Work instruction →
In the entries below, find the line with "Forest Beach Towel", then set it down exactly along with each line after it to the end, skipping any pictures.

Material for this exercise →
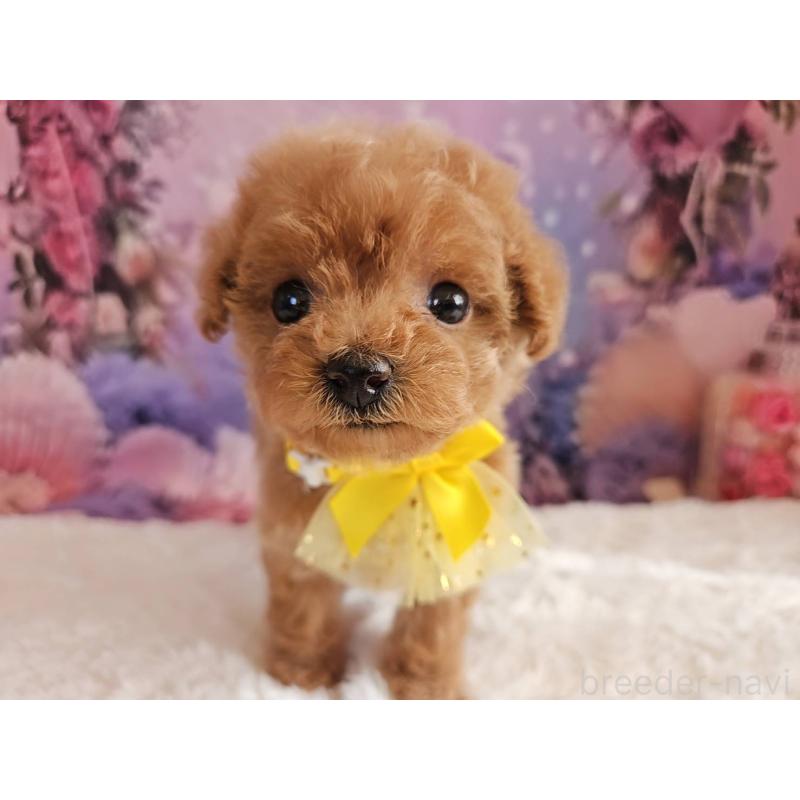 販売中の岐阜県のトイプードル-424808の14枚目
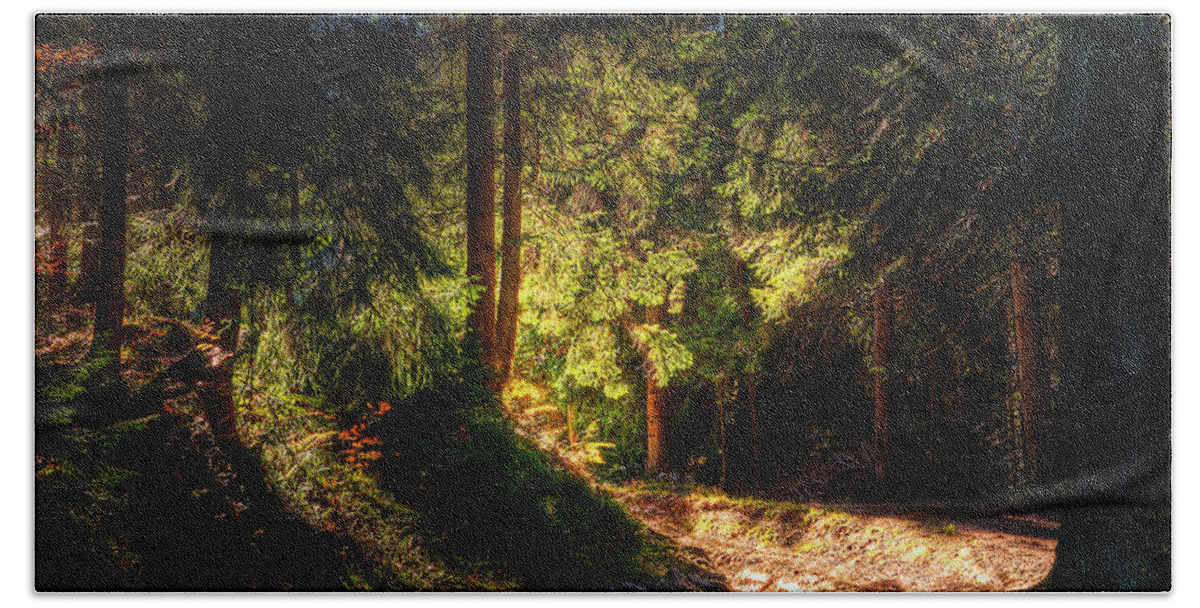 Forest Beach Towel featuring the photograph Forest by Jackie Russo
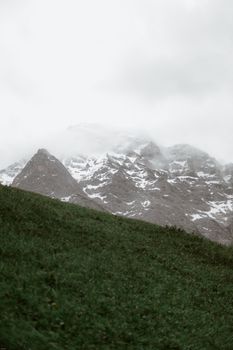 云雾缭绕的山脉呈现出一片宁静景象，前景是郁郁葱葱的绿色草地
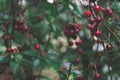 Ripe sour cherries hanging on a tree branch after rain Royalty Free Stock Photo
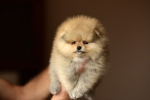 7 weeks 4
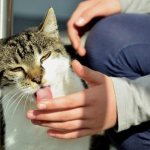 Why does a cat lick its owner&#39;s hands? read the article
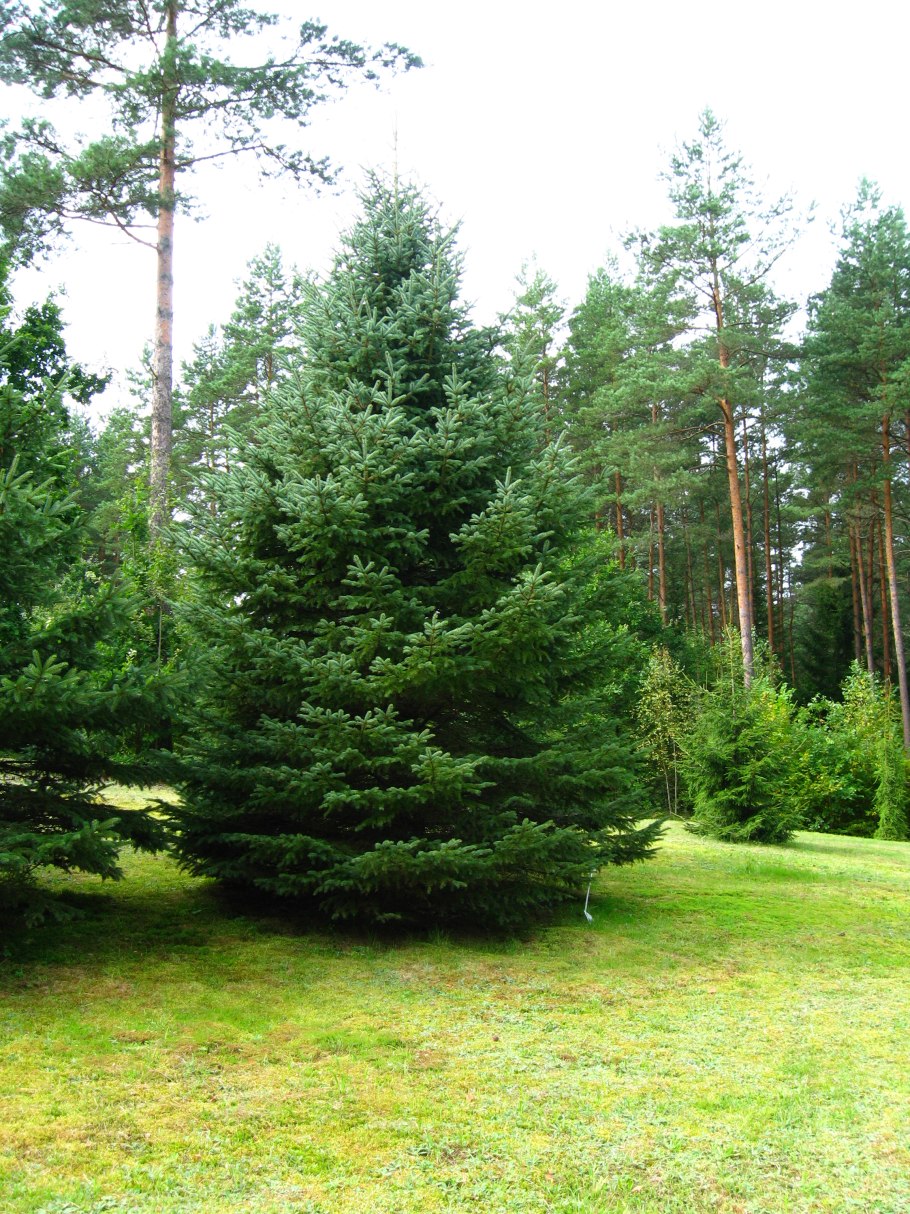 Елочка в лесу летом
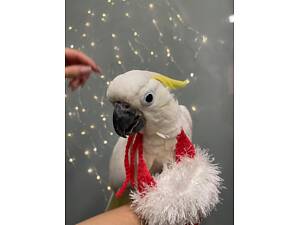 Какаду, пташеня какаду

Result for this task →
 Forest Beach Towel featuring the photograph Forest by Jackie Russo
 云雾缭绕的山脉呈现出一片宁静景象，前景是郁郁葱葱的绿色草地
 Ripe sour cherries hanging on a tree branch after rain Royalty Free Stock Photo
 7 weeks 4
 Why does a cat lick its owner&#39;s hands? read the article
 Елочка в лесу летом
 Какаду, пташеня какаду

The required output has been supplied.